For the total void fraction, there are:
wherein ,for total void fraction, ++>Is the area of the hollow area>For the pixel area of the DBC solder layer region, < >>Is an intersection operation;
the subzone void ratio is as follows:
wherein ,for the subzone void fraction, & lt + & gt>For the pixel area of the DBC subregion, +.>Is the area of the sub-area cavity area in the DBC sub-areaAccumulation of pathogenic qi>Is an intersection operation.
A device for calculating the void ratio of a void defect of a DBC solder layer is characterized by comprising a void ratio calculating processor for calculating the void ratio, wherein,
and for any DBC solder layer ultrasonic image, the void ratio calculation processor calculates the void ratio by adopting the method.
The invention has the advantages that: the DBC solder layer ultrasonic image is segmented to obtain a DBC solder layer segmentation image, and a DBC solder layer region can be accurately obtained; the dynamic binarization segmentation is carried out on the DBC solder layer ultrasonic image, so that the searching and the determination of the cavity area can be realized, the defect quantification of the lowest single pixel can be realized when the cavity area is searched by adopting a dynamic binarization mode, and the corresponding actual cavity area is about 0.01A variety of adjustable interpretable parameter thresholds accommodate complex production environments on a pipeline. Based on the DBC solder layer area obtained by segmentation and the void area obtained by searching, the total void ratio and/or the sub-area void ratio can be calculated, namely, the void ratio calculation of the void defect of the DBC solder layer can be rapidly and effectively realized, and the detection requirement of the solder layer on the DBC on the industrial assembly line is met.
Drawings
Fig. 1 is a flowchart of void fraction calculation according to an embodiment of the present invention.
FIG. 2 is a schematic representation of an ultrasonic image of a DBC solder layer in accordance with an embodiment of the present invention.
FIG. 3 is a schematic diagram of a DBC solder layer segmented image according to an embodiment of the present invention.
FIG. 4 is a schematic illustration of a DBC solder layer segment image including sub-region boundaries according to an embodiment of the present invention.
FIG. 5 is a schematic diagram of a search for a determined hole area in an embodiment of the present invention.

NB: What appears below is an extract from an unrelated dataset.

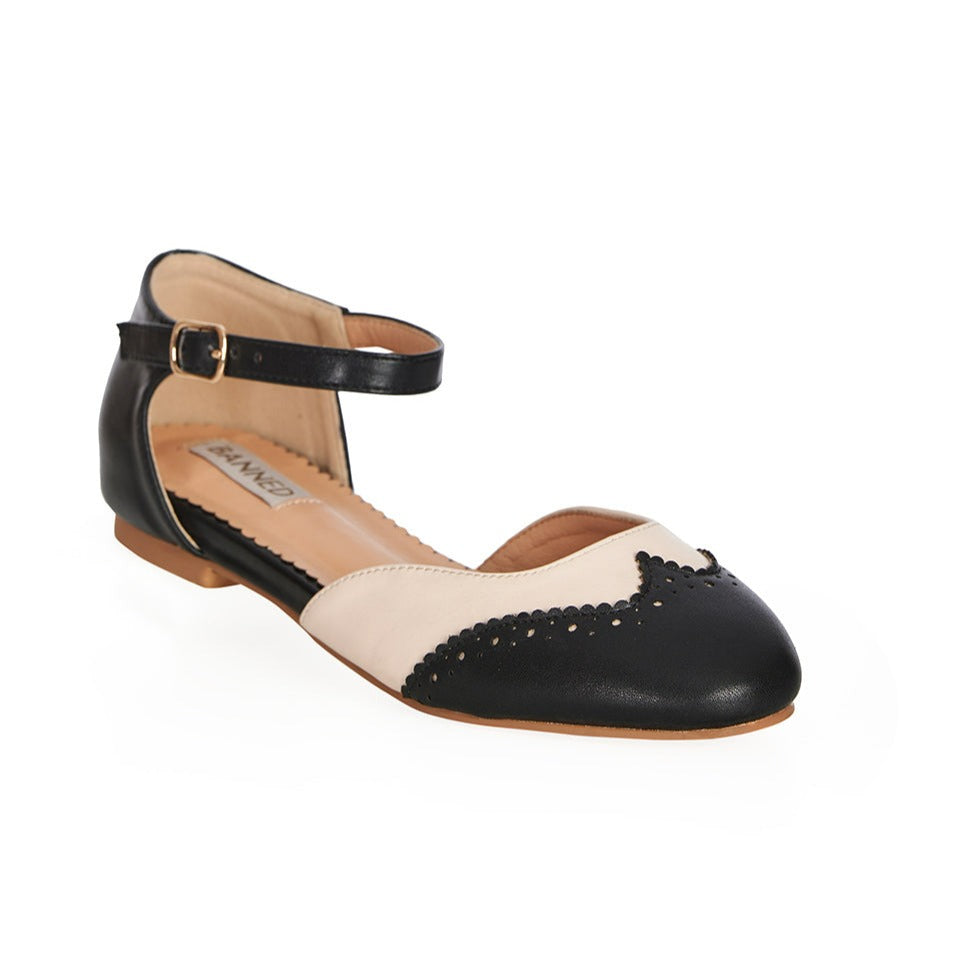 Two Tone Black Natural Brogue Closed Toe Flat Sandal – Pretty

Fig. 6 is a schematic illustration of the determination of void area within the DBC solder layer region depicted in fig. 5.
FIG. 7 is a schematic diagram of a gray value histogram of an ultrasonic image of a DBC solder layer in accordance with an embodiment of the present invention.
FIG. 8 is a schematic representation of a forward gradient in an embodiment of the invention.
FIG. 9 is a schematic representation of a negative gradient in an embodiment of the invention.
Reference numerals illustrate: 10. a non-DBC solder layer region; 20. a DBC solder layer region; 30. dividing lines of subareas; 40. a void region; 50. DBC subregion.
Detailed Description
The invention will be further described with reference to the following specific drawings and examples.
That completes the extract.